Conference consumers?

It is around this time each year that the Christian conference season bursts upon us, and thousands of evangelical and charismatic Christians go off to various seaside holiday complexes for worship and teaching, fellowship and fun.

My own experience of these events in the past has been on the whole very positive. It is not often that many of us get the opportunity to hear gifted expositors like John Piper or John MacArthur, or Alistair Begg from the USA. Bible overviews, (usually from gifted young Anglicans), have opened up the Scriptures as never before for some people. Then there is usually some kind of arena in which missionary societies, Christian publishers and community projects have their stalls and capture our interest. Probably most encouraging of all is seeing Christians of all ages, students, young families and elderly, all mixing and praising God together. Wonderful.

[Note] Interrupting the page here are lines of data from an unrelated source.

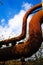 Landschaftspark Duisburg, Germany: Low angle view on isolated curved corroded pipeline against blue sky and trees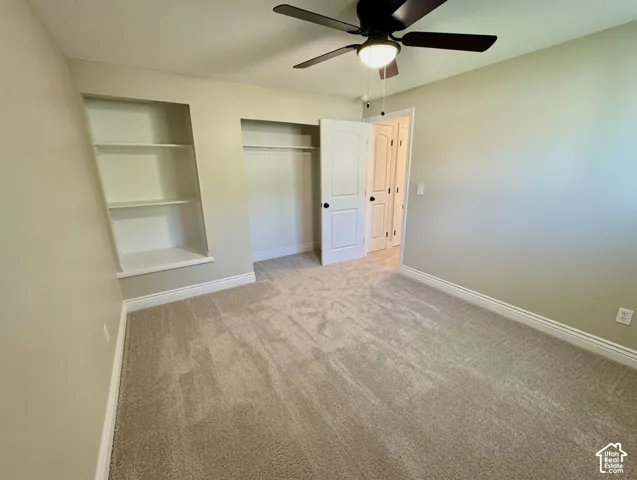 Neutral-toned carpeting throughout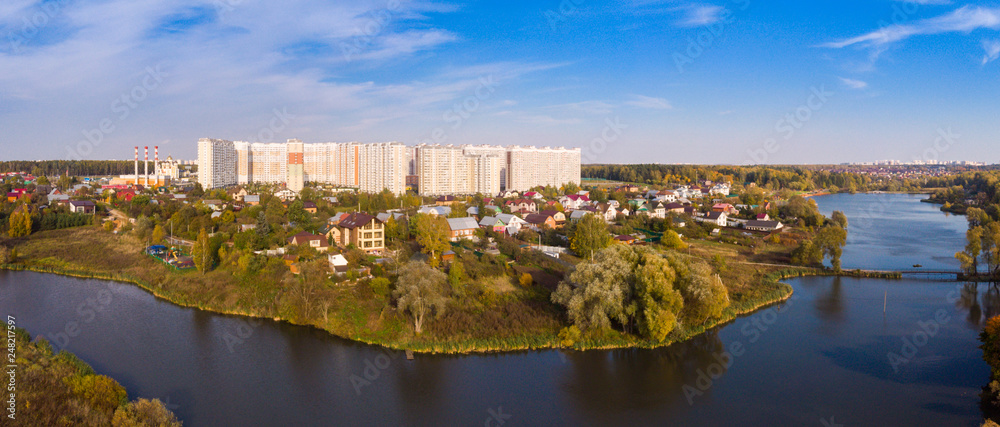 New district with high-rise buildings in the new Moscow on the background of low-rise private sector houses.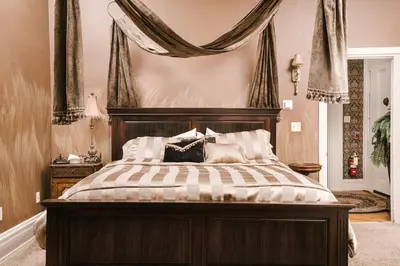 a bedroom with a large bed with a wooden headboard at The Londonderry Inn in Hershey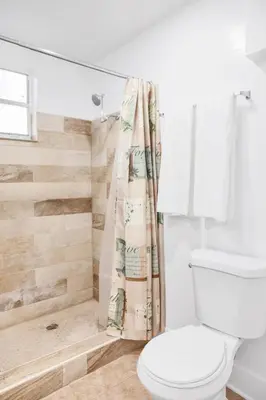 a bathroom with a toilet and a shower at Miami Designer Apartment Unit 3 in Miami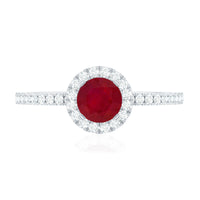 Minimal 0.6 Carat Ruby Engagement Ring with Diamond Halo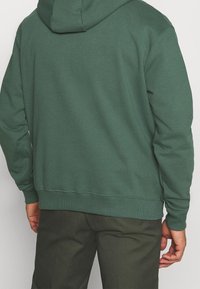 Sudadera con capucha de color verde oscuro con una textura suave, que cuenta con capucha, puños y dobladillo acanalados. Se combina con pantalones verde oscuro, mostrando un diseño sencillo.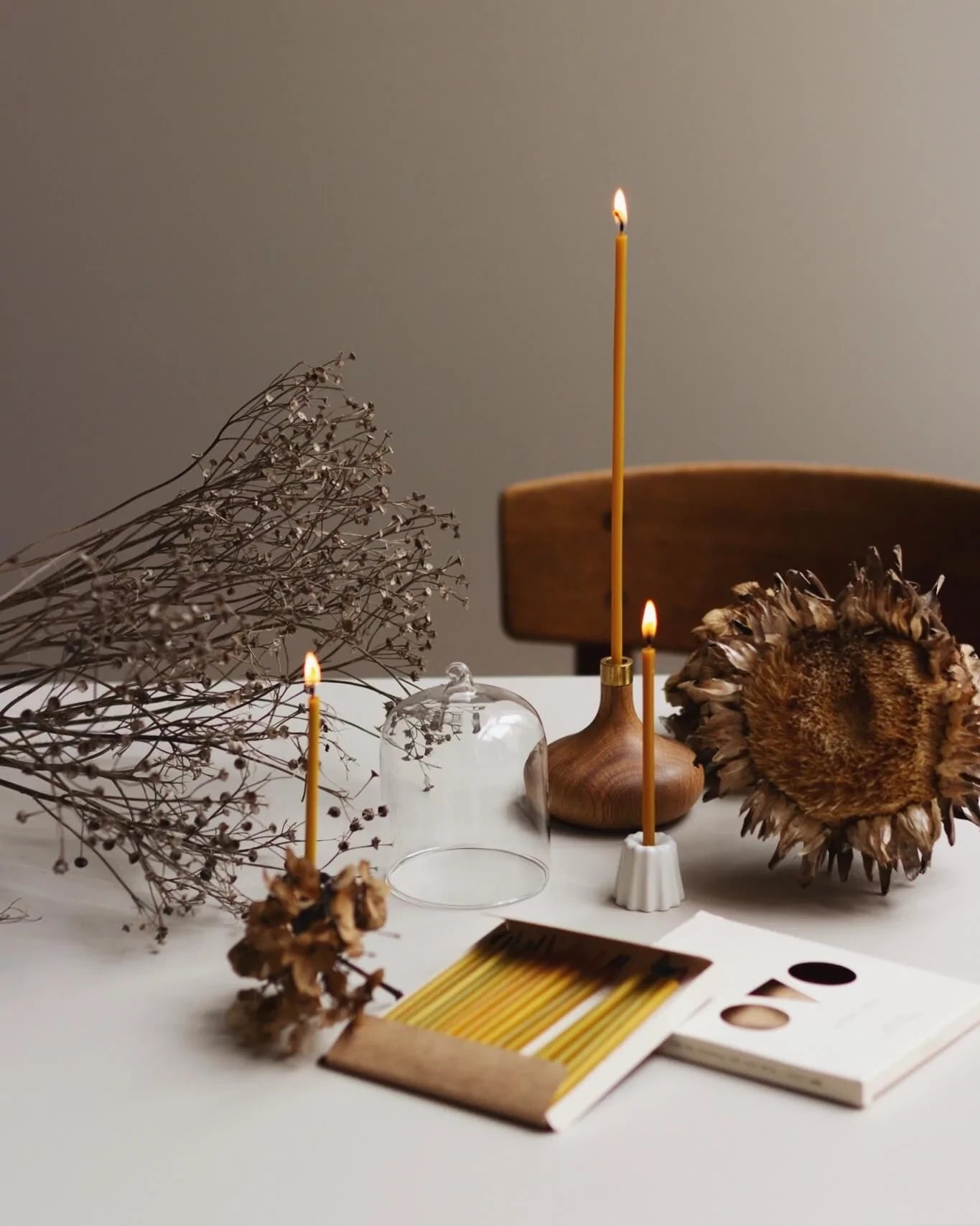 Olika handgjorda ljusstakar i naturmaterial står på ett bord med bivax ljus.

I have to say, though, that from the early days of these events I saw a rather different side of things too. Being involved with Evangelicals Now, different ‘marketing opportunities’ were offered to us by the organisers. Necessary though organisation and structure are to these great events, I was made rather too aware of the ‘doing business’ and ‘profit margins’ side of it all. But though I am slightly uncomfortable with that, it is not what most worries me.

What do we go for?

My greater concern is for those of us who go along as punters and customers to the conferences.

We live in a consumer society and the self-centred consumer mindset rubs off on us Christians more than we realise. Have we begun to treat the conference weeks as some kind of consumer experience to meet our needs? Do we go to meet God in repentance or to be entertained? Do we assess times of worship by how good they make us feel? Do we see speakers as celebrities rather than brothers and sisters? Do we handle the books and CDs and mp3s we buy as some kind of Christian fashion accessories?

The apostle Paul warns of the church in the last days becoming full of people who are ‘lovers of self …lovers of pleasure rather than lovers of God’. In his excellent exposition of 2 Timothy (Finishing the Race, Aquila Press, The Good Book Company), Chris Green has some searching comments on those verses. He writes: ‘In a church such as this, the spotlight will not be on loving God or on loving others…but on the individual and his or her needs…People will arrive crushed, tired and bored, and the church’s task is to ensure they leave lifted, stimulated…That church will be a great success wherever it starts.... hey arrive as lovers of self and leave as lovers of self.’ Wow! What a warning!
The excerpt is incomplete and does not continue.